Janet Lansbury: Yeah. I mean, even those after-school programs though could be designed the way you designed your program. They could still offer that. But I think just putting myself in the parent position and all the parents I hear from, we worry sometimes that our child is going to miss out on something else. Or maybe we think that we’re being neglectful or lazy just to let them go run off to the creek or go play or do their own thing. We feel like we’re being better parents to make sure that they’re getting all this enrichment. But it’s exactly what you said. That slow life, that simplicity is where the freedom is for them.
Kisha Reid: Yes.
Janet Lansbury: I guess there are worries, maybe as parents. And then the worries as parents get transmitted into the worries as educators. They’re picking up: “What if our child misses out on these windows for language learning, for music, taking an instrument, for sports? They’ve got to know what it’s like to be on a team.” We’re deciding all these experiences that we want to make sure that they have. And therefore we’re eliminating the most important things of all.

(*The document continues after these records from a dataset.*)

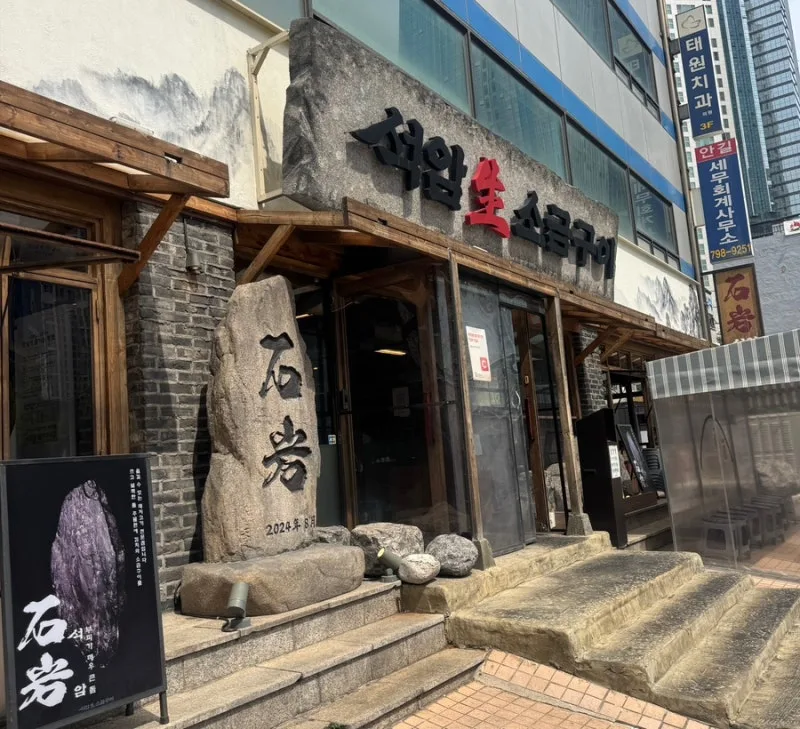 石岩の石碑がある店舗外観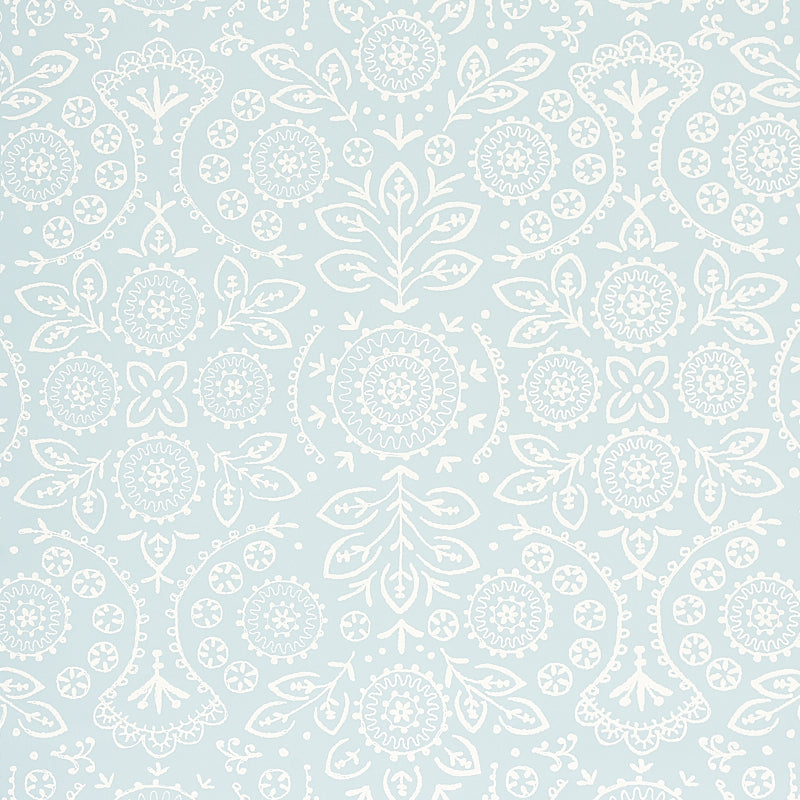 TIANA Sky by Schumacher - Bohemia Collection, screen-printed wallcovering with large mirrored repeat in soft blue and white embroidery effect.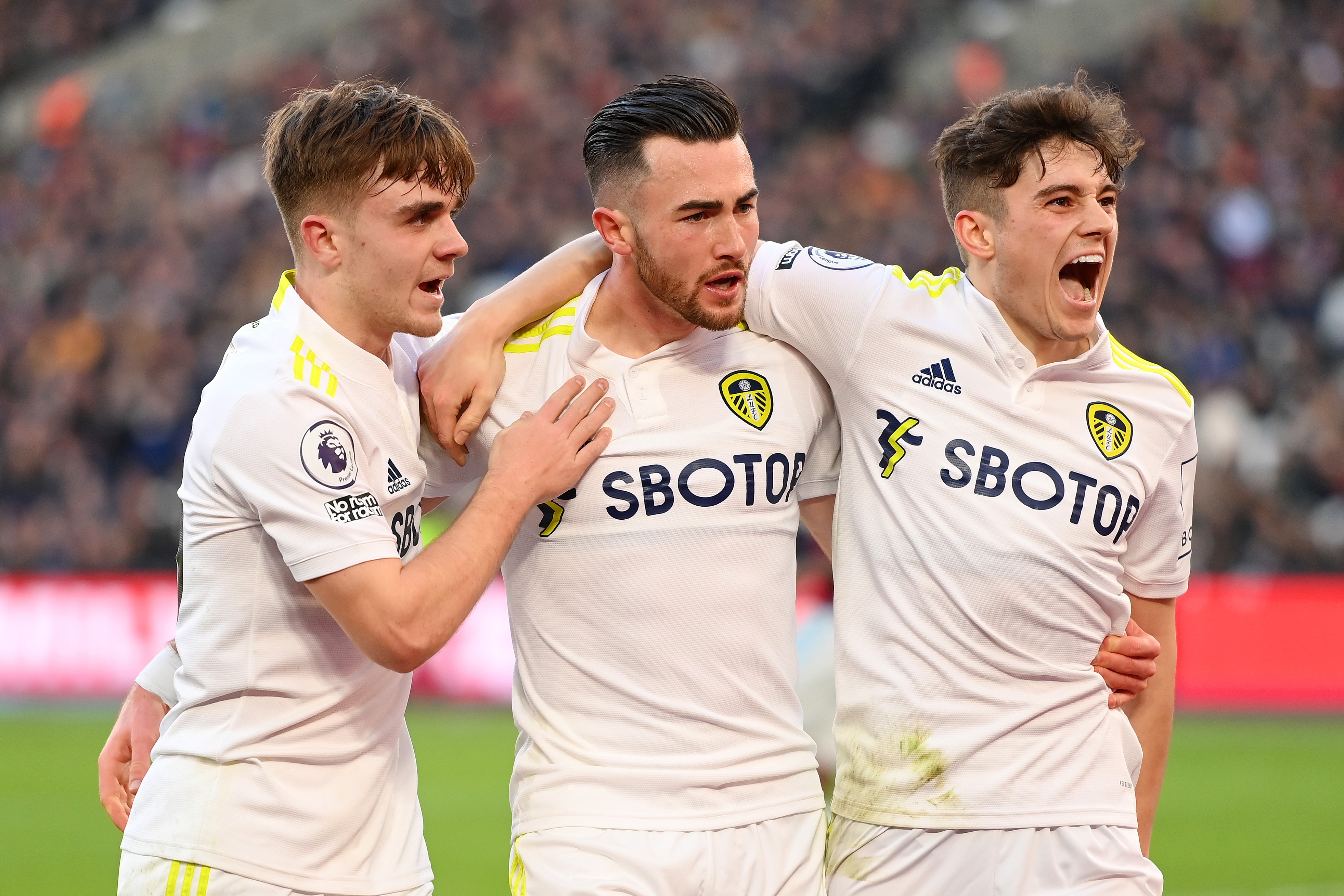 Jack Harrison celebrates with Lewis Bate and Daniel James of Leeds Unitedafter scoring their team's third goal during the Premier League match between West Ham United and Leeds United at London Stadium on January 16, 2022 in London, England.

Kisha Reid: Yeah, which is just time and space to be creative, to play, to make friendships with people in authentic ways. I think there’s a time and a place and an age for team sports and those different experiences. But I think when children are young, they don’t need that. “You like soccer? Okay, let’s go kick a ball. Let’s go to the playground, bring a ball, have some friends gather around and experience the idea of kicking the ball, running after the ball, playing with friends, creating new games.”
When I was young, we would arrange huge games of kickball and dodge ball and soccer and all these amazing things that we had to come up with the rules for. We had to organize the players. We had to go around and knock on doors and find the players. We had to negotiate to make teams. We had to decide who was in charge of who is out or who is in, who’s the ref. All of those things we did within our community of mixed-age group players.
So if you really think about it, the only thing that we were missing out on is having someone outside of the play, an adult, tell us how, where, when and what. But how much more valuable is it when you have to organize, you have to plan, you have to think, you have to negotiate? It’s just so much more valuable. And you still get the team play. You still get the collaborative play. You still get the excitement of a win. All of those things that people look to team sports to achieve.
Janet Lansbury: I would even argue that it’s more conducive to being a team player because when you were saying that, it almost made me picture a lens where you’re all the way zoomed in and you’re just zoomed in, maybe as a parent on I want my child to get the skills in this sport and everything that they need to be on this team. I want to make sure because I’m a caring parent, that my child becomes the best soccer player they could be let’s say. And so we’re zooming in and we’re kind of getting this really myopic perspective on it. Rather than zooming way back out and saying: Oh my gosh, the learning that’s going on here is a million times more important! And in that zoomed-in less our child maybe feels, “Oh, well, this kid is doing it better maybe and the coach likes them better. They’re getting a better position or they’re getting…” It’s not conducive to real team playing.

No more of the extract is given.